For each real number $\varepsilon > 0$ and positive integers $k$ and $n_0$, let $S(\varepsilon, k, n_0)$ denote the following statement.

$S(\varepsilon, k, n_0)$: For every $n \geq n_0$, and for every subset $A$ of $[0,n-1]$, if $|A| > \varepsilon n$ then $A$ contains a $k$-term arithmetic progression. 

Then Szemer\'{e}di's theorem~\cite{szemeredi1975} asserts that for every $\varepsilon > 0$ and $k$, there exists a least positive integer $n_0 = n_0(\varepsilon,k)$ such that $S(\varepsilon,k,n_0)$ holds.

One can ask the following quantitative questions. (Answering them, of course, is something else!)

(a) Given $\varepsilon > 0$ and $k$, what is $n_0(\varepsilon, k)$, that is, what is the smallest $n_0$ such that $S(\varepsilon, k , n_0)$ holds?

(b) Given $k$ and $n_0$, what is the smallest $\varepsilon$ such that $S(\varepsilon , k ,n_0)$ holds? (We may denote this smallest $\varepsilon$ by $\varepsilon (k, n_0)$.)

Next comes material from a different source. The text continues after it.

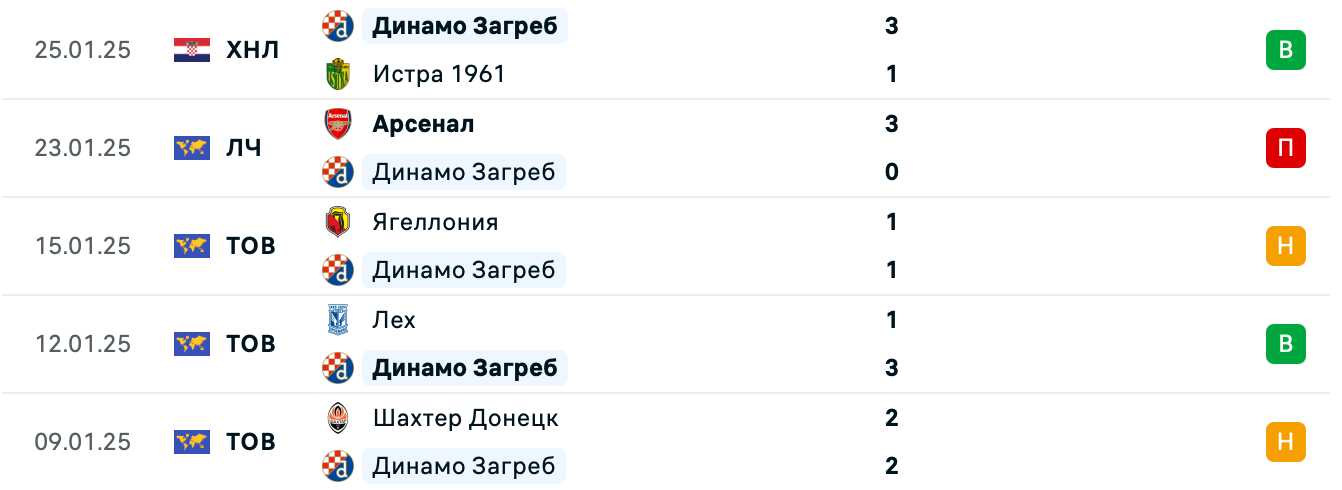 Динамо Загреб – Милан матч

These questions appear to be simplified if for a given $n$ and a given subset $A$ of $[0,n-1]$ we enlarge the set of arithmetic progressions under consideration. Thus we say that $A$ contains a \emph{$k$-term arithmetic progression modulo $n$} if $A$ contains elements $a_0,\dots,a_{k - 1}$ (not necessarily distinct) such that 
\[ a_j \equiv a_0 + jd \quad (\textup{mod }n), \quad 0 \leq j \leq k - 1, \]
for some integer $d$ with 
\[ d \not\equiv 0 (\textup{mod }n). \]
We can replace statement $S(\varepsilon, k , n_0)$ by the corresponding statement $M(\varepsilon', k, n_0')$, for any real number $\varepsilon'>0$ and positive integers $k$ and $n_0'$, as follows.

$M(\varepsilon', k, n_0')$: For every $n \geq n_0'$, and for every subset $A$ of $[0,n-1]$, if $|A| > \varepsilon' n$ then $A$ contains a $k$-term arithmetic progression modulo $n$.

One can then ask the following questions.

(a') Given $\varepsilon ' > 0$ and $k$, what is $n_0'(\varepsilon , k)$, the smallest $n_0'$ such that $M(\varepsilon', k, n_0')$ holds?

(b') Given $k$ and $n_0'$, what is $\varepsilon'(k,n_0')$, the smallest $\varepsilon '$ such that $M(\varepsilon', k, n_0')$ holds?

In this note we obtain bounds what appear to be the easiest cases of these latter two questions. Given a small $\varepsilon > 0$ (namely $\varepsilon \leq \frac{1}{2}$) and arbitrary $k$, we find a lower bound for $n_0'(\varepsilon, k)$. (Theorem~\ref{thm: 1} below). Given a small $n_0'$ (namely $n_0' = k + 1$) and arbitrary \emph{odd} $k$, we find an upper bound for $\varepsilon' (k, n_0')$. (Theorem~\ref{thm: 2} below).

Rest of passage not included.